A frequent side effect for chemotherapy patients, abnormalities in taste and smell, can be improved by supplementing with lactoferrin (a protein that occurs in milk and saliva) the journal Food & Function reported.* A study found that lactoferrin could help reduce chemotherapy-related loss of taste and smell, which can have an impact on patients' food intake.

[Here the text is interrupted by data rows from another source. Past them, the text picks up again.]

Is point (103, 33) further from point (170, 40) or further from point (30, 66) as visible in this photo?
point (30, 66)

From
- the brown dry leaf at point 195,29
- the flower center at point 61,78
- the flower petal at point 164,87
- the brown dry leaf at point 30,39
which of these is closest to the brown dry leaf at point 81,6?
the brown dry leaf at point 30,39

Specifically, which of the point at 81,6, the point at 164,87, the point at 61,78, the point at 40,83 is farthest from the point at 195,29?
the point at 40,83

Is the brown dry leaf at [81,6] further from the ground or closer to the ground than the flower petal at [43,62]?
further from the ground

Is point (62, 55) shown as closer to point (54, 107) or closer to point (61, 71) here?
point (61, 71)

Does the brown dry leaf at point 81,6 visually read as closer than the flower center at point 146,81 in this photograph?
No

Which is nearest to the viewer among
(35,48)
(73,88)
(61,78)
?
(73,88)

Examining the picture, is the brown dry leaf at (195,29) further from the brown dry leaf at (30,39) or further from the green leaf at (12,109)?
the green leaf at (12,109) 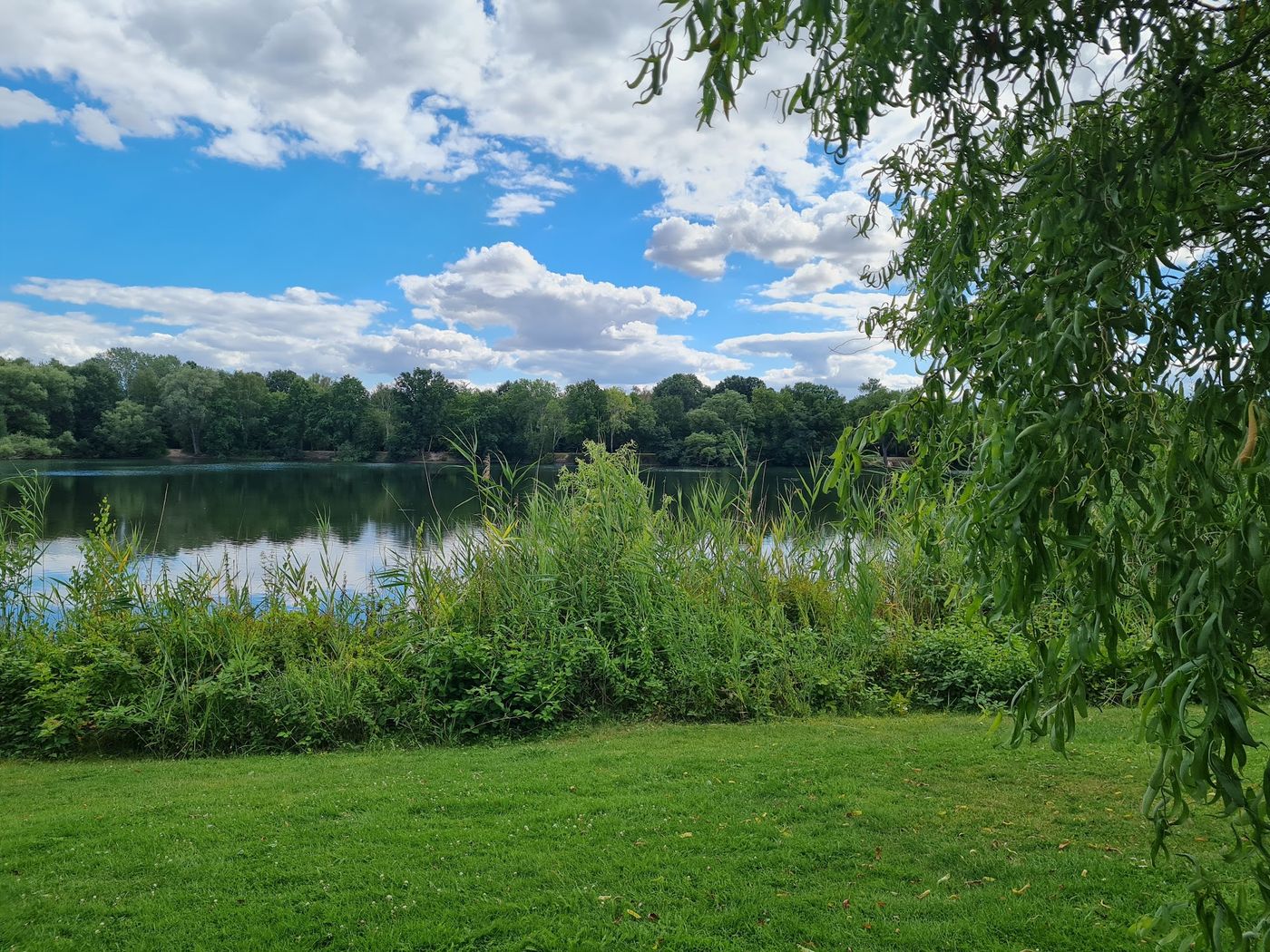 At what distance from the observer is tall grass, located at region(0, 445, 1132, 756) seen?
6719 millimetres

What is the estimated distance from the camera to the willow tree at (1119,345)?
1.46m

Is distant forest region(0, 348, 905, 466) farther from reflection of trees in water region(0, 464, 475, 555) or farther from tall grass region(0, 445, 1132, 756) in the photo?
tall grass region(0, 445, 1132, 756)

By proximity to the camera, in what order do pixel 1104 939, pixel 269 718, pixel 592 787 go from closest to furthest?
1. pixel 1104 939
2. pixel 592 787
3. pixel 269 718

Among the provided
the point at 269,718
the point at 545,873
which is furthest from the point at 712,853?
the point at 269,718

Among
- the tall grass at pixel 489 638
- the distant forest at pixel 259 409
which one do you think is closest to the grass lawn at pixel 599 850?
the tall grass at pixel 489 638

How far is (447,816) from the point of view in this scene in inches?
183

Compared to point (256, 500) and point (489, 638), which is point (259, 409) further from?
point (489, 638)

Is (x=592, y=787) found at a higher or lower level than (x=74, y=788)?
higher

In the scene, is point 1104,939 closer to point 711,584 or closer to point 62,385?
point 711,584

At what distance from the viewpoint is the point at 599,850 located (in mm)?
4125

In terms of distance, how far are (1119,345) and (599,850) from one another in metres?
3.56

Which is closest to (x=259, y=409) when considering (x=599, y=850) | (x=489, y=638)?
(x=489, y=638)

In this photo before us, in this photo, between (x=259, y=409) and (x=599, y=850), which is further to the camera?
(x=259, y=409)

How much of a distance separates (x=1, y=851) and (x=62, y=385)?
57.3 metres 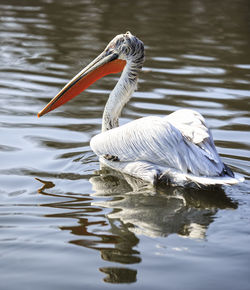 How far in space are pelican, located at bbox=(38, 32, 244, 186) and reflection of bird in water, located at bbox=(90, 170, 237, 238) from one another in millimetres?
103

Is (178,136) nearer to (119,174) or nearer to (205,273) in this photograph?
(119,174)

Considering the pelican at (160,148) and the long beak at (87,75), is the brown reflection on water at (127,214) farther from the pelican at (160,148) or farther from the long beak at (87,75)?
the long beak at (87,75)

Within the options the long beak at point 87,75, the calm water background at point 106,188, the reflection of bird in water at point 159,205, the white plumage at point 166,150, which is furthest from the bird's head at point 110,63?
the reflection of bird in water at point 159,205

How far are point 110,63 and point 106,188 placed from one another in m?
1.26

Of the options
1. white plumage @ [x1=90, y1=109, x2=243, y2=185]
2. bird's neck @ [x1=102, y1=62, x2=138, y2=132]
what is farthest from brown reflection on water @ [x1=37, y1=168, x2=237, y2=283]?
bird's neck @ [x1=102, y1=62, x2=138, y2=132]

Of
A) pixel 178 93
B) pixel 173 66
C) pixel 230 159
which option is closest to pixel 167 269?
pixel 230 159

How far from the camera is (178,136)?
13.1 ft

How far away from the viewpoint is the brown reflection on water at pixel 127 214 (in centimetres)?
315

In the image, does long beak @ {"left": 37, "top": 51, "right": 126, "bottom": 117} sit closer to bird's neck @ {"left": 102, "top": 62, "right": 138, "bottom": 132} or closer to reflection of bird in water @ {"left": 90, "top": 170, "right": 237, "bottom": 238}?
bird's neck @ {"left": 102, "top": 62, "right": 138, "bottom": 132}

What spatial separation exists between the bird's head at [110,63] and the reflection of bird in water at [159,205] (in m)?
0.87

Twelve healthy participants and 19 cancer patients with chemotherapy-related taste and smell abnormalities were given 3 lactoferrin tablets of 250 mg each, per day, for 30 days. Saliva samples were analyzed for proteins and minerals at the beginning of the treatment period, at 30 days, and then 30 days after the end of treatment.

A significant level of abnormalities in taste and smell was associated with a loss of salivary immune proteins and high salivary iron, and these changes were modified following supplementation with lactoferrin. "Our research shows that daily lactoferrin supplementation elicits changes in the salivary protein profiles in cancer patients—changes that may be influential in helping to protect taste buds and odor perception," researcher Susan Duncan said.

Editor's Note: "This study demonstrated the feasibility of developing lactoferrin supplementation as a treatment to reduce taste and smell abnormalities caused by chemotherapy, and improve patients' oral immunity," the researchers asserted.

* Food Funct. 2018 Sep 19;9(9):4948-4958.